Annie Sweet is immediately drawn to 43 Stanley Road and quickly moves in with her family. The house is everything she wanted, but there are odd things about it – their dog barks at thin air, the floor in her office slopes oddly. As her marriage begins to disintegrate, Annie seeks answers to her home’s past. She discovers through the census that a young chorus girl named Lily Painter used to lodge there, and Annie is desperate to discover more about her.
Intertwined with Annie’s story in the present, there are other voices from the past. Inspector William George writes a journal about his cases, one in particular about baby farming which is bothering him. (Baby farming being when unwed mothers with little other choice available to them would pay other women to take their babies off their hands, and then these women would sell them on to those who couldn’t have children. In some cases the babies died in suspicious circumstances.) George received a tip off about two women and is determined to get to the bottom of it. And then there’s Lily’s voice, the ghost of the title. Initially we get to see how she came to live with the Georges and start making a name for herself on the stage, but it isn’t too long before poor Lily ties the threads of the story together.

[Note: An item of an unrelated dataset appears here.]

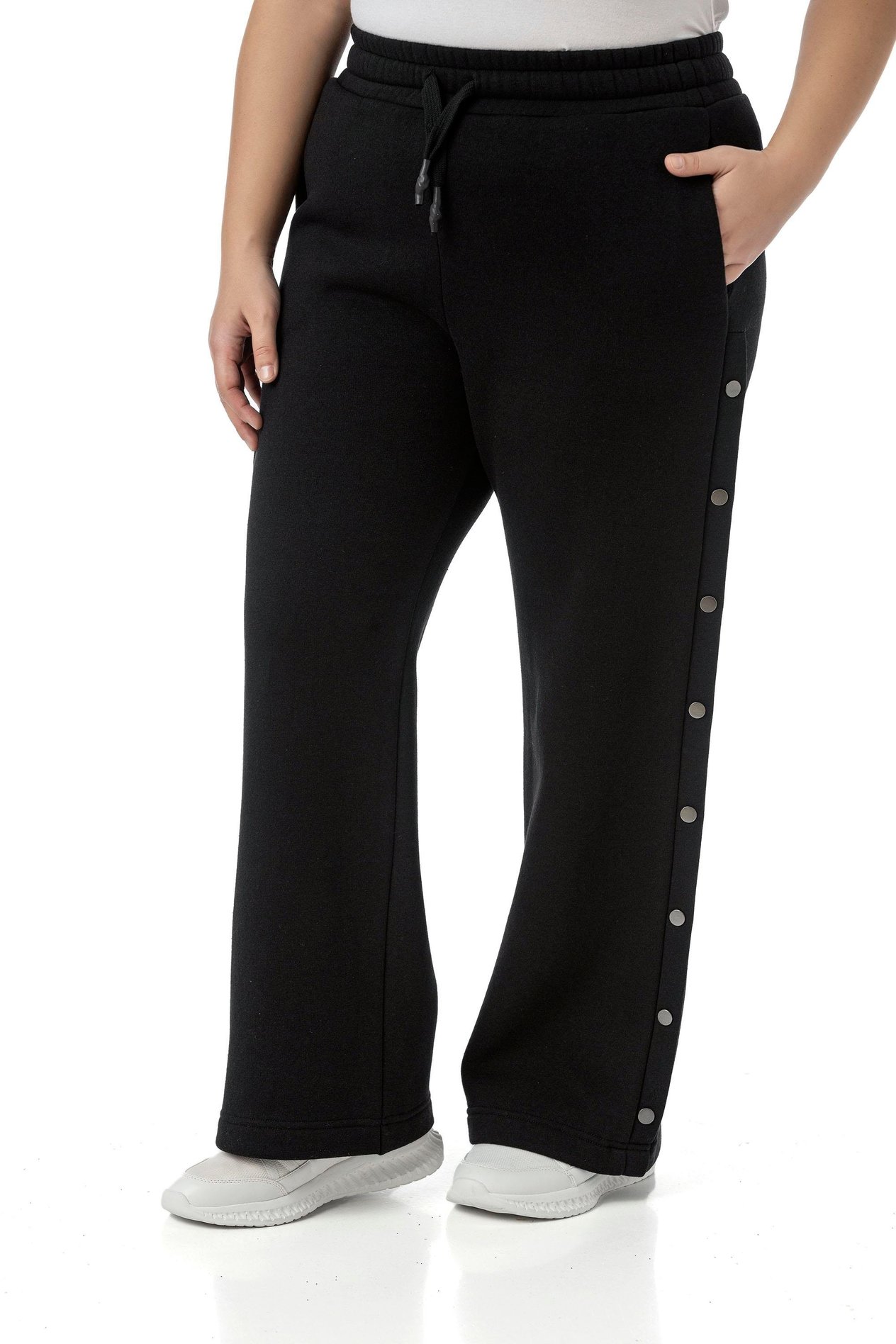 PantsDisentis Modest Büyük Beden Beli Lastikli ve İp Büzgülü Yanlarda Süs Çıtçıt Detaylı Siyah Eşofman PantolonDISENTIS MODESTBüyük Beden Beli Lastikli ve İp Büzgülü Yanlarda Süs Çıtçıt Detaylı Siyah Eşofman Pantolon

I wish this book had a different title. It is such an obvious one for a book like this. And to be honest it doesn’t fit the tone of the book at all. Neither does the jacket image. It looks like it should be very creepy, an old fashioned, scary ghost story. And it isn’t that at all, although there are times when the author tries to shoe horn that in. And that’s the problem with this book in a nutshell: it is trying to be far too many things at once, and failing on all counts. It is not a ghost story, nor is it historical fiction, or a relationship drama. It’s all those things stuck together to make a decent book that could have been even better, had it been more focused. Parts of the book are ‘inspired’ by a true story of baby farmers, and the author uses these beginnings to think about a larger ‘what if?’ These parts work really well. I was hooked on the sections that focused on the inspector, and Lily’s earlier days and how she gets involved with the baby farmers. These sections are very well written, and if the book had only been about the past I think it could have been really excellent.

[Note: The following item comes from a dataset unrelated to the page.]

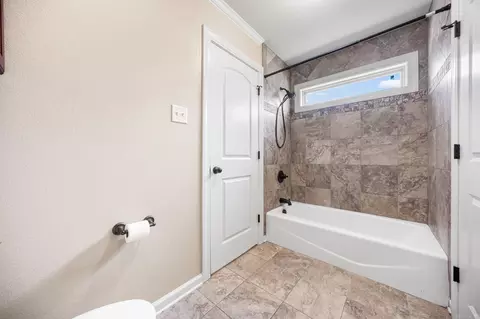 Bath - 806 Cascade Dr, Cabot, AR 72023 photo 5 of 6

The parts that don’t work all that well are the present day ones, and they felt unnecessary. It seemed like the author wanted to frame the story in this way and so made it happen, even if it didn’t do the book any good, and meant that the ending was far too silly and coincidental for it to have the emotional impact it should have. Annie, I’m afraid to say, is a very dull character, and so spending time with her while she unravels what we already know is not all that interesting. And when she’s not looking into the past she’s despairing over her marriage or taking her daughter to endless auditions, (the daughter wants to be an actress, sort of, but it’s a lame attempt at adding drama. No pun intended there).
One thing I did enjoy was the setting, which is Holloway. I live in North London so it was nice to see places I am familiar with popping up in a book. And while I can’t give this a rave review, it was entertaining for the most part. I just think it could have been a lot better.